### Given information
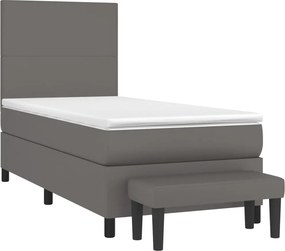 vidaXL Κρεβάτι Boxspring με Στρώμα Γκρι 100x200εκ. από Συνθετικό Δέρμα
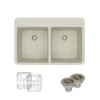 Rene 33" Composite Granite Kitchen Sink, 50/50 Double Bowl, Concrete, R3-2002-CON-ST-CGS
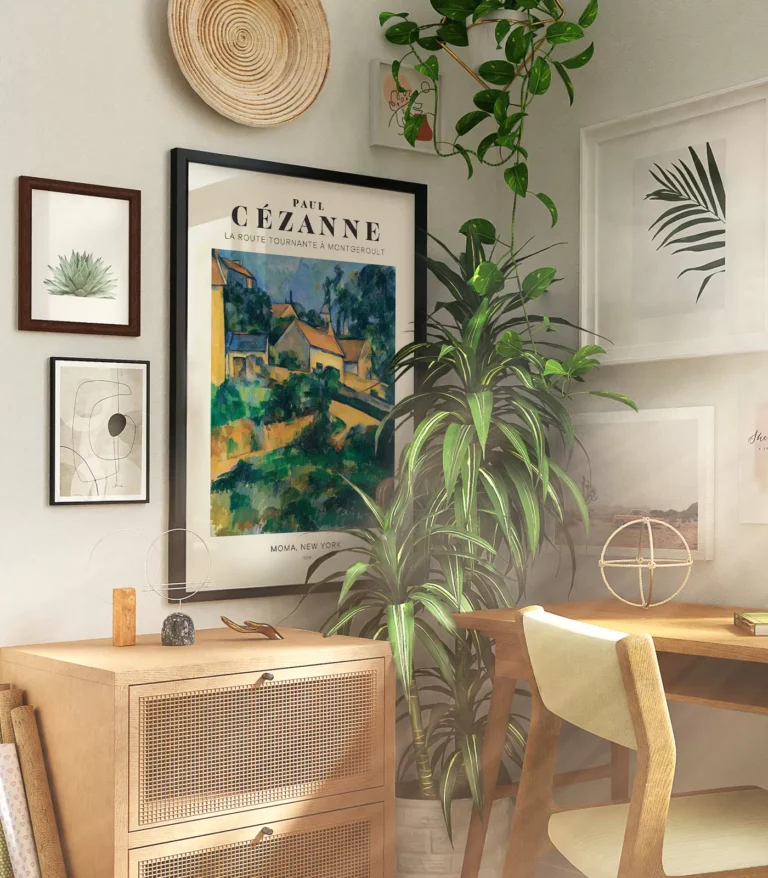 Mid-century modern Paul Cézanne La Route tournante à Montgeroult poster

### Exercise directions
For this exercise, give the listing again exactly as written, with the pictures omitted.

### Your response
 vidaXL Κρεβάτι Boxspring με Στρώμα Γκρι 100x200εκ. από Συνθετικό Δέρμα
 Rene 33" Composite Granite Kitchen Sink, 50/50 Double Bowl, Concrete, R3-2002-CON-ST-CGS
 Mid-century modern Paul Cézanne La Route tournante à Montgeroult poster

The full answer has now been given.